I said this as I smashed my father’s burial portrait.
Glass splintered across the floor, jagged reflections of my rage scattered under my feet. My breath hitched, chest heaving, but the room was silent. Even the mourners in the living room had stopped whispering, their pity-laced murmurs replaced with a different judgement. “What kind of daughter does this at her father’s funeral?”
My kind!
The kind that was left at a bus stop the day she failed her national exams.
I was fifteen. I remember gripping my results in trembling hands, scanning the bold letters that spelled out my failure, my body frozen in shame. He had said nothing when he saw me. Just looked at the paper, exhaled sharply, and turned away. No words. No anger. No reassurance. He walked. And I waited, hoping he’d turn back, that he’d change his mind, that he’d see me.
He never did.
He always left.
And now, even in death, he has abandoned me again.

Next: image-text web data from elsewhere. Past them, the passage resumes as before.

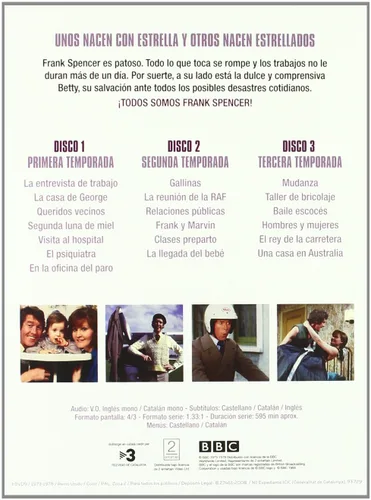Vista 2 de Some Mothers Do'ave'em (Spain - Importation)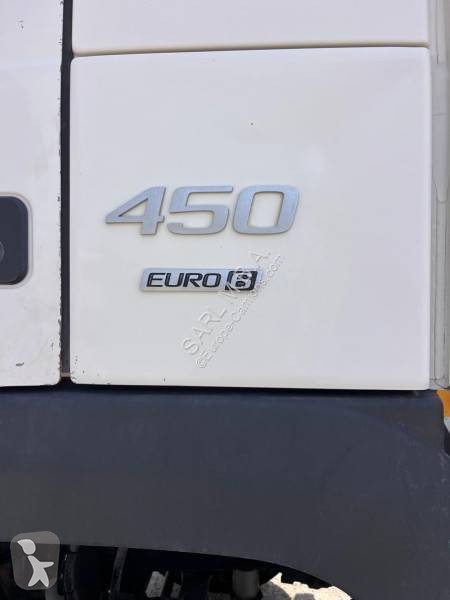 Camión Volvo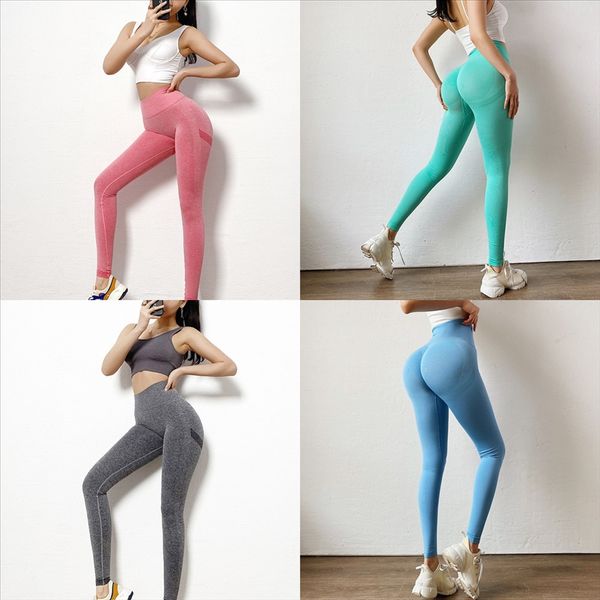 

y2hz gym high women tights exercise to lift buttocks splicing waist desporto yoga pants trousers woman yoga pant roupa de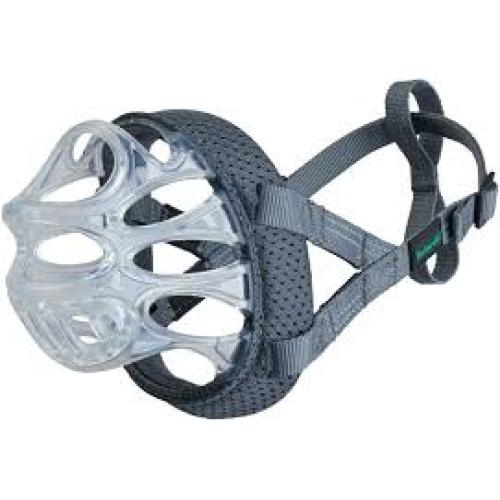 Baskerville Invisa Muzzle Size 1 Clear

I should write a tribute, but what is there to say? That my father was a man of silence? That I spent my childhood chasing his approval like a stray dog begging for scraps?- I wanted the bread not the crumbs unlike the woman in the bible but maybe I was being greedy. That every time I tried to hold onto him, he slipped through my fingers like sand?
Do I even deserve to mourn him?
Because my hands feel bloody.
He always left me with pain-even in death.
I hear the murmurs.
“She hasn’t even shed a tear”.
“Did she even love him?”
Hypocrisy!
The same people whispering now were the ones who told me not to end up like him. “Don’t be cold. Don’t be closed off. Don’t be your father”.
Now, they mourn him like he was a saint. Like his absence in my life never existed.
My mother told me once that love is a language. Some people say it loud, others whisper it in small gestures, and some…never say it at all. My father was the latter.
And I hated him for it.
But hate is a mask for grief, isn’t it? And grief is love with nowhere to go.
I need air.
I need to get out of this house, away from the judging eyes, away from the expectations that I will suddenly become the daughter he deserved.
I walk.
And I don’t stop until I reach him.
The earth is fresh, unsettled like me.
I kneel. Not because I want to, but because my legs feel like they will give way.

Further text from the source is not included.